• Exercise directions:
From the data below, copy exactly the lines that lie between the one holding "pendant, dark plum" and the one holding "Open Box: Payson", including both, and nothing more.

◇ ◇ ◇ ◇

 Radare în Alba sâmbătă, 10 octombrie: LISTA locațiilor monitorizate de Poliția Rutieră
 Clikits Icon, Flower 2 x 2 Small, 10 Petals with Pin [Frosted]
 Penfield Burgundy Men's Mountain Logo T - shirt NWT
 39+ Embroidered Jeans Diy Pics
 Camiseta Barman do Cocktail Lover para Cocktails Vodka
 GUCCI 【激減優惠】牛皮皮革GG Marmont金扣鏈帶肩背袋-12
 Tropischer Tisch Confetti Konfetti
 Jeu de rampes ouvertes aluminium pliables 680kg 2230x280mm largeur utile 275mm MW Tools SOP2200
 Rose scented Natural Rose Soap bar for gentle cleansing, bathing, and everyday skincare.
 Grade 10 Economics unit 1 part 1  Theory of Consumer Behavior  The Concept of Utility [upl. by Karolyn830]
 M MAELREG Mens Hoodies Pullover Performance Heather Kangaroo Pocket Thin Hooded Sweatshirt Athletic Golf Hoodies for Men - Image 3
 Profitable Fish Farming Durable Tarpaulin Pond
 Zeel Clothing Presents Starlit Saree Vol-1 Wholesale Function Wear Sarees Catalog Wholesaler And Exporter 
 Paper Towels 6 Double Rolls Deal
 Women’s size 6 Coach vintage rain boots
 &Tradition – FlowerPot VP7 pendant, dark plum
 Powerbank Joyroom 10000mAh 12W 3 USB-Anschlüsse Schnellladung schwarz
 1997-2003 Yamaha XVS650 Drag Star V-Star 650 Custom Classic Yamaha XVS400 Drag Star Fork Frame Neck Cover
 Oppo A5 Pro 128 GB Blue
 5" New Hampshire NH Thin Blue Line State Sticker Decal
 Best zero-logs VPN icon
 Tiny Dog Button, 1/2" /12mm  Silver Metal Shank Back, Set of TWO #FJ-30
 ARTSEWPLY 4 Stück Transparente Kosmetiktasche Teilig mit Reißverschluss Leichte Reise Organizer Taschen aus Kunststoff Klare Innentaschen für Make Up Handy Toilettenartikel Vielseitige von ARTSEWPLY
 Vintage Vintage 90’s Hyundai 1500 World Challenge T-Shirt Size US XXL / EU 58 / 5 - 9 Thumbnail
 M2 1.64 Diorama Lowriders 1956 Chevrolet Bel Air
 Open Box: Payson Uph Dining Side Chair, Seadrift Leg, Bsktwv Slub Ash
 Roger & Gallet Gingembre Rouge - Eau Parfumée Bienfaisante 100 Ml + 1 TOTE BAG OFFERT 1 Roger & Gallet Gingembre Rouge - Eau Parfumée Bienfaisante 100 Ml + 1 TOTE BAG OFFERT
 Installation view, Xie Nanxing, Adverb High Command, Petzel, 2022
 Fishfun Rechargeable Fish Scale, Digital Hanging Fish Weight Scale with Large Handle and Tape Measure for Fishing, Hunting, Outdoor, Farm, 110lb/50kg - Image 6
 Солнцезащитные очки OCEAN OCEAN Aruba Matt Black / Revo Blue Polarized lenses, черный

◇ ◇ ◇ ◇

• Reply to the task:
 &Tradition – FlowerPot VP7 pendant, dark plum
 Powerbank Joyroom 10000mAh 12W 3 USB-Anschlüsse Schnellladung schwarz
 1997-2003 Yamaha XVS650 Drag Star V-Star 650 Custom Classic Yamaha XVS400 Drag Star Fork Frame Neck Cover
 Oppo A5 Pro 128 GB Blue
 5" New Hampshire NH Thin Blue Line State Sticker Decal
 Best zero-logs VPN icon
 Tiny Dog Button, 1/2" /12mm  Silver Metal Shank Back, Set of TWO #FJ-30
 ARTSEWPLY 4 Stück Transparente Kosmetiktasche Teilig mit Reißverschluss Leichte Reise Organizer Taschen aus Kunststoff Klare Innentaschen für Make Up Handy Toilettenartikel Vielseitige von ARTSEWPLY
 Vintage Vintage 90’s Hyundai 1500 World Challenge T-Shirt Size US XXL / EU 58 / 5 - 9 Thumbnail
 M2 1.64 Diorama Lowriders 1956 Chevrolet Bel Air
 Open Box: Payson Uph Dining Side Chair, Seadrift Leg, Bsktwv Slub Ash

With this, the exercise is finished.